= The Forest Giant =

The Forest Giant (French: Le Gigantesque) is a novel written by Adrien Le Corbeau, one of the pseudonyms of Romanian-born author Rudolf Bernhardt (1886–1932). An English translation was made in 1923 by T. E. Lawrence (as J. H. Ross), but both French and English versions have since fallen into obscurity.

The book was despised by Lawrence, who wrote the following while working on the translation:
At last this foul work: complete. Please have [it] typed and send [it] down that I may get it off my suffering chest before I burst. Damn Adrien le Corbeau and his rhetoric. The book is a magnificent idea, ruined by jejune bombast. My version is better than his: but dishonest here and there: but my stomach turned. Couldn't help it.
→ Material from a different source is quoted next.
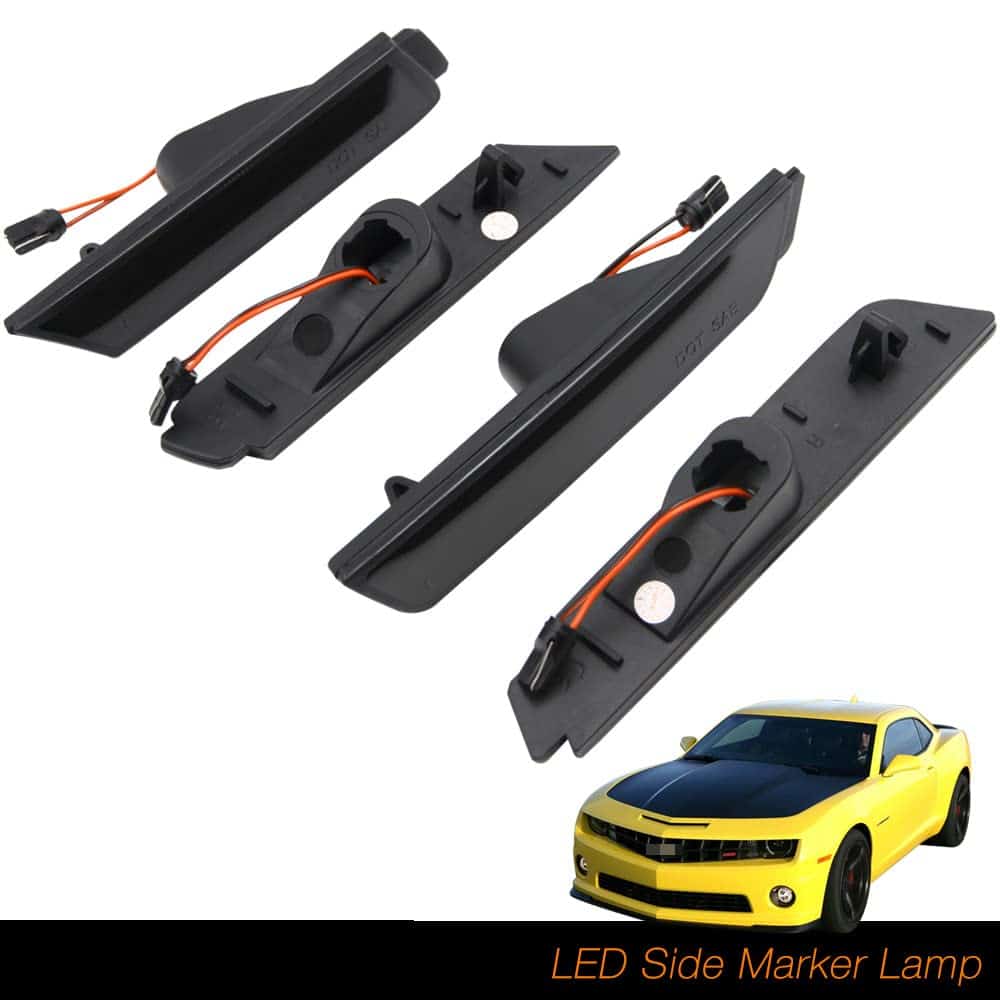 NJSBYL Kit de Luz de Marcador Lateral LED con Lente Ahumada - Imagen 7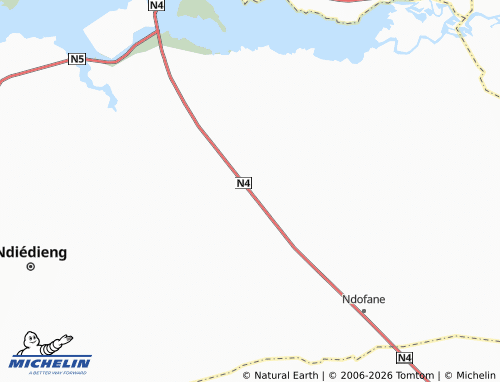 MICHELIN Mbos map - ViaMichelin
A second English edition (1935) was illustrated with woodcuts by Agnes Miller Parker.

French historian Maurice Larès wrote that, far from being a Francophobe as he is usually depicted in France, Lawrence was really a Francophile. Larès wrote: "But we should note that a man rarely devotes much of his time and effort to the study of a language and of the literature of a people he hates, unless this is in order to work for its destruction (Adolf Eichmann's behavior may be an instance of this), which was clearly not Lawrence's case. Had Lawrence really disliked the French, would he, even for financial reasons, have translated French novels into English? The quality of his translation of Le Gigantesque (The Forest Giant) reveals not only his conscientiousness as an artist but also a knowledge of French that can scarcely have derived from unfriendly feelings".